Toffeelover · 29/06/2024 19:23

My father owned a house worth £500k approx that passed to my step mother on his death.
She’s in a care home, the house is rented to cover her care.
I have 4 siblings, so, assume £100k each when DSM passes.
The dilema is, my niece has asked me if I’d be happy with her and bf living there when DSM passes & eventually buying it.
She is the only other grandchild,( I have 3 DS’s.)
Immediately I said “yes in principle as I’d love it to stay in the family but I have no real idea of the will/finances etc.”
But I’ve since found out:
I sibling said “I want you to buy me out”
2 siblings said “you take it, I don’t need anything” (they are both on benefits and a large sum would compromise that)
1 sibling said “actually I’d like to live there” (but lives on a minimum wage so I don’t know how she’d manage to finance it.
And the executor said “all children/ grandchildren need to be considered” because the reality is the house is very small on a very large plot of land and could be a great investment potential, so he’s considering the needs of my children.
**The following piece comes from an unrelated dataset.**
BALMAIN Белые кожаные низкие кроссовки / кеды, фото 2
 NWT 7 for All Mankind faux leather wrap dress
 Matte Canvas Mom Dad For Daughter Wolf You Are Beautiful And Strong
However, I will leave my children ££ of their own.

If you look at it on a purely “needs based” approach, my sister should have first dibs, as she is 50, still renting and on a minimum wage, but my niece will have more chance of raising money to buy us out.

Should I just stay out of it & let them figure it out?

OP posts:
MissMoneyFairy · 29/06/2024 19:27

I'd wait until the poor woman has died and let the executor honour her will once any carehome fees, debts and tax have been paid. Her house will become part of her estate.

minipie · 29/06/2024 19:28

Do you know what your father’s will said and what your step mother’s will says? Doesn’t it depend on what those say - it’s not up to you?

If it has great investment potential then it doesn’t seem fair to let one family member live there when it could raise a lot more if sold. Unless they buy it at a price reflecting its development potential (ie they pay the full market rate) and those proceeds are distributed around the siblings.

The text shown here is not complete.